Help needed from governments

"While waiving the one-week EI waiting period and expanding the Work-Sharing program were helpful moves, CFIB is concerned with calls to mandate employers to provide 14 sick leave days at a time when they are already experiencing tremendous cost pressures and decreases in revenues," added Corinne Pohlmann, CFIB's senior vice-president of national affairs. "Governments need to step in and offer direct cash support to employees and the self-employed who are forced to self-isolate, as has happened in the UK, Ireland, Norway, Sweden and Denmark."

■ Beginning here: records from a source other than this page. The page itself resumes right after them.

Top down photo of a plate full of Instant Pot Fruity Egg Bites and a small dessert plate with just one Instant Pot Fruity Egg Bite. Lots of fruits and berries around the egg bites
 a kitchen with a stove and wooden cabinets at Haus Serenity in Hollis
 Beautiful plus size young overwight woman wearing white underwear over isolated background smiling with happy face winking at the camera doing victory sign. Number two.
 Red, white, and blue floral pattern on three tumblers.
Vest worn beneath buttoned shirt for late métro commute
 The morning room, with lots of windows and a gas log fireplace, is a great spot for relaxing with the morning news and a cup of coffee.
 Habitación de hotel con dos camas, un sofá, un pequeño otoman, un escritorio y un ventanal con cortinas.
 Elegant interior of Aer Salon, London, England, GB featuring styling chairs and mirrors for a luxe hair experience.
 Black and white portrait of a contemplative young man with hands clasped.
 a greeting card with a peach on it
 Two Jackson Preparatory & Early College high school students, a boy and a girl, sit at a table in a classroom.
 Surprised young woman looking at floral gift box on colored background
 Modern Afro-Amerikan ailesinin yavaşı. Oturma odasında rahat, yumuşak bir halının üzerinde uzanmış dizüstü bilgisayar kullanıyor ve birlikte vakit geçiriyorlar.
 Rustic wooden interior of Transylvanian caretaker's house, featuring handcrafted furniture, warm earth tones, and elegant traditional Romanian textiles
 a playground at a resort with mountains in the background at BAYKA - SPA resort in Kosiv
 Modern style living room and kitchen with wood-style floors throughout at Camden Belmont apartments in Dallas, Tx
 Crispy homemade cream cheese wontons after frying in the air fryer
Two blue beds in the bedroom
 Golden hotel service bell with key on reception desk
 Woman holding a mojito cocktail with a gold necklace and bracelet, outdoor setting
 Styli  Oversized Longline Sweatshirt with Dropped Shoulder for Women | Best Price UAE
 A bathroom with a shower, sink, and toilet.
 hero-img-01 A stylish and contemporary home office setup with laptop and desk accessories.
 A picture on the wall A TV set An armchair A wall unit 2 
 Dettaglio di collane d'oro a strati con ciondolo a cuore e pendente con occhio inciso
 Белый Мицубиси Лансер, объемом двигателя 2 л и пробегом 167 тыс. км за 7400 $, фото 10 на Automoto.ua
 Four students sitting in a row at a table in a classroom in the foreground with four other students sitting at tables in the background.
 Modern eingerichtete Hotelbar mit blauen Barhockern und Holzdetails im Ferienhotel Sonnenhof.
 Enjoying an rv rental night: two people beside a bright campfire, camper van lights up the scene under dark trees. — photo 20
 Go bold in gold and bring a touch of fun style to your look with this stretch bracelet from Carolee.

Ninety-one per cent of SMEs surveyed said government should offer direct financial support for firms experiencing a significant drop in sales. In addition, the majority of small business owners suggest governments provide temporary tax relief on income, payroll and sales taxes; cancel planned tax increases such as CPP/QPP and carbon tax; delay tax filing deadlines and eliminate penalties for late payments and remittance; and introduce wage subsidies for businesses to retain staff (58%).

"We trust that governments are doing everything they can to ensure Canadians are safe," concluded Kelly. "But we must also ensure the economic survival of our small and medium-sized businesses to ensure we can get back to normal as soon as the threat is over."